To put it another way, if you wanted to bet on a single number of tanks with a payoff for only exactly correct guesses, then 2176 is the best possible bet. That is what the likelihood function provides in this case. If the payoff relates to non-underestimation, or to close enough then 2176 may not be the best bet, but the law of likelihood does not address loss functions…

Greg Gandenberger says

I basically agree. I wouldn’t say that the likelihood ratio is “best” without qualification, but it is best in the sense that it is evidentially favored over all other estimates according to the Law of Likelihood. As you point out, it does not follow that it is the best number to report because it fails to take utilities into account.

Michael Lew says

You are right, but also wrong. Right: utilities can affect what is the “best” estimate. Wrong when you say “evidentially favored over all other estimates according to the Law of Likelihood” because that makes it sound like there is an alternative whereby it is not favoured. There is not. The most likely single value for the total number of tanks is 2176. ANY other estimate can only be “better” on the basis of utilities rather than on the basis of evidence.

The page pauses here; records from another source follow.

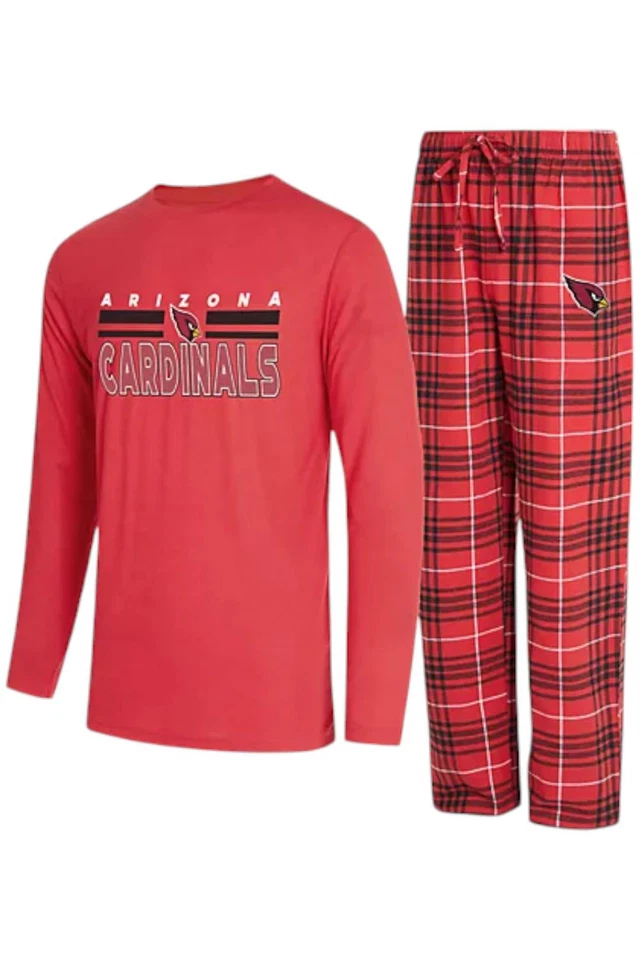 Juego de 2 piezas de camiseta y pijama de franela de manga larga Cardinals de la NFL para hombre Foto 1 de 1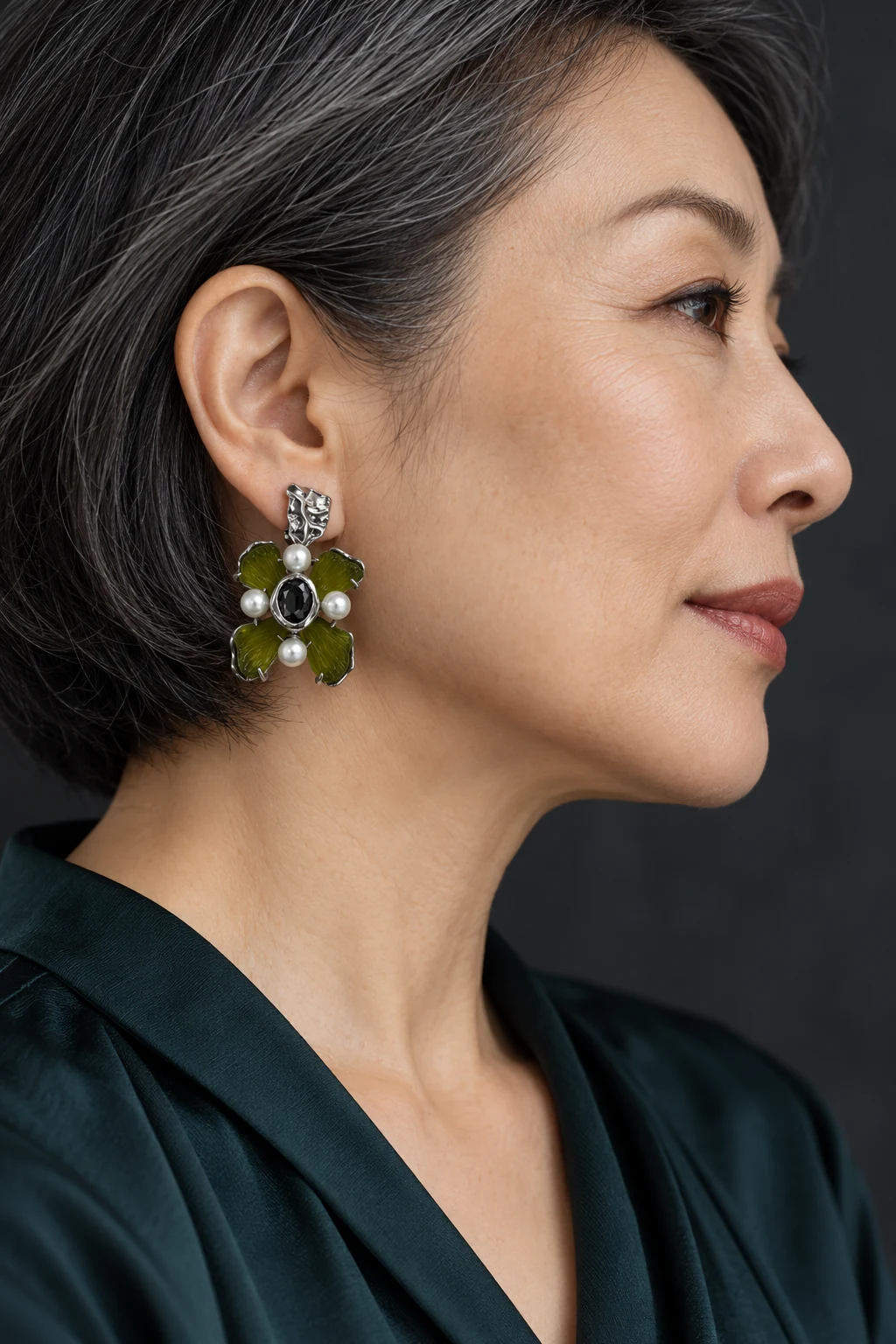 The Fleur Rhapsody Earrings worn on a model — AI-generated styling preview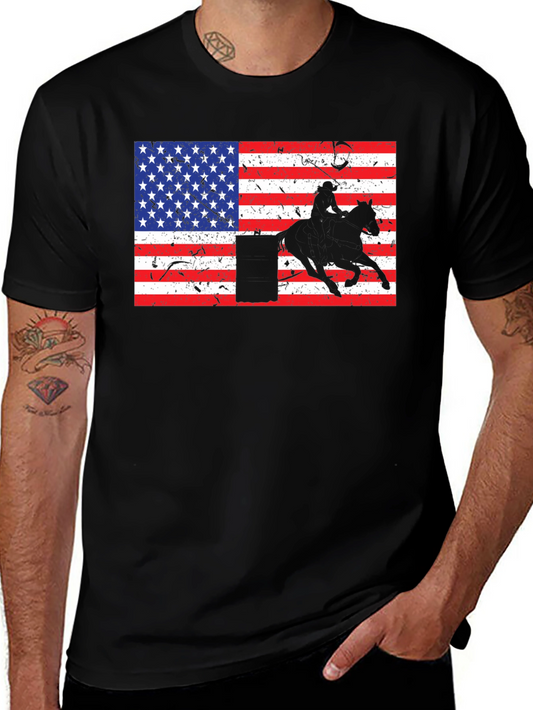 American Flag Barrel Racing T-Shirt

To imply that inference based on likelihoods is in some way faulty because it doesn’t take utilities into account is nonsensical because taking utilities into account can happen AFTER the evidence is quantitated by the likelihood function.

(There is a great deal of resistance to likelihood-based approaches, particularly among frequentists, that is not based on a fair evaluation of the real properties of likelihoods. Hacking’s discussion of the tank problem is an example where likelihood is denigrated for lacking a built-in utility function (although I can’t call Hacking a frequentist and I have no idea why he changed his mind on likelihood). You should look very critically at the alleged counter-examples to the likelihood principle before settling your thesis topic.)

Greg Gandenberger says

I don’t understand how saying that 2176 is “evidentially favored over all other estimates according to the Law of Likelihood” “makes it sound like there is an alternative whereby it is not favoured.” Could you clarify?

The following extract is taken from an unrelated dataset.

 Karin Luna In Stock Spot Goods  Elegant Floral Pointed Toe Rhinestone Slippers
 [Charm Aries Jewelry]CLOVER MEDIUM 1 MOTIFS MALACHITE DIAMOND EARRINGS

In general, I don’t see any conflict between what I wrote and what you wrote. I am not endorsing Hacking’s argument.

Michael Lew says

(No, we are mostly in agreement. I’m trying to redirect your attention to what I think are the details that matter. Feel free to ignore that redirection!)

I guess I don’t like the implication from “according to the Law of Likelihood” bit of your first response. If the likelihood principle is true (and I am unconvinced by alleged disproofs) then the evidence points to the maximally likely estimate. Other estimators differ on the basis of other consideration, not on the basis of what the evidence is. If you like, they process the evidence differently, but they cannot yield different evidence.